A year later, we found out if they came in on budget and their forecasts for the coming year.
Most report they’re in better shape now than they were a year ago, when communities – particularly townships – were reeling from a series of cuts by the state to local governments. Delhi Township has weathered a 70 percent cut to its general fund – the fund that pays for day-to-day operations – from 2011 to 2013. Other townships saw their revenues slashed by more than half.
For many of these communities the figure includes money that passes through the township to local school districts.
• Projected spending: $60,706,249
• Actual spending: $61,944,375
• Difference: $1,238,126 more
Deerfield Township spent about $1.2 million more than it had budget ed last year, but not for any one reason, Fiscal Officer John Wahle said.
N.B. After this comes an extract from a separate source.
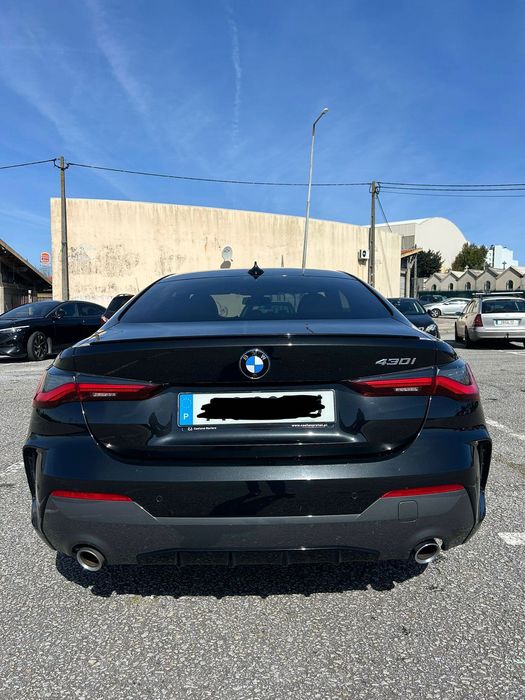 BMW 430i Coupé com Pack M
With passage last fall of a 10-year parks levy, the township will fill three or four park department vacancies this year, said Administrator Bill Becker, who also hopes to open the community’s new $4.9 million fire station in September.
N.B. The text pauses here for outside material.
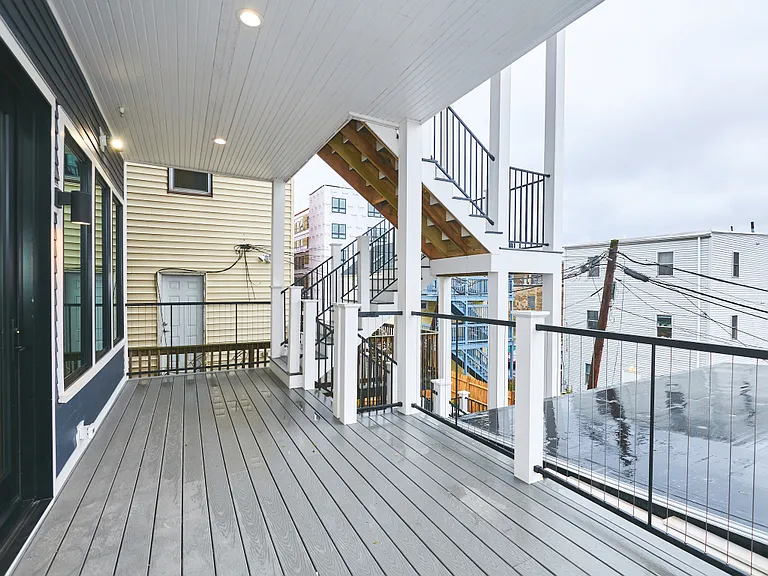360 Meridian St #5 — Photo 11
Township residents can also expect the continued widening of Irwin-Simpson Road this year, which will continue into 2016. Otherwise the township is “holding the line,” said Becker. One thing affecting the budget are winter storms, Becker said. Deerfield has already tapped into money earmarked for snow and ice removal for next winter to deal with this winter, Becker said.
• Projected spending: $74,047,299
• Actual spending: $71,800,000
• Difference: $2,247,299 less
Mason spent less because the community “always underestimates revenues and overestimates spending,” said Mason spokeswoman Jennifer Trepal. But next year Mason plans to increase spending 18 percent over 2013, from $74 million to $87.4 million. The extra funds will restore a parks maintenance program, sets aside money for Mason’s 2015 bicentennial, creates a new position in the service department and reissues some short-term debt to build a $5 million public works garage by next winter.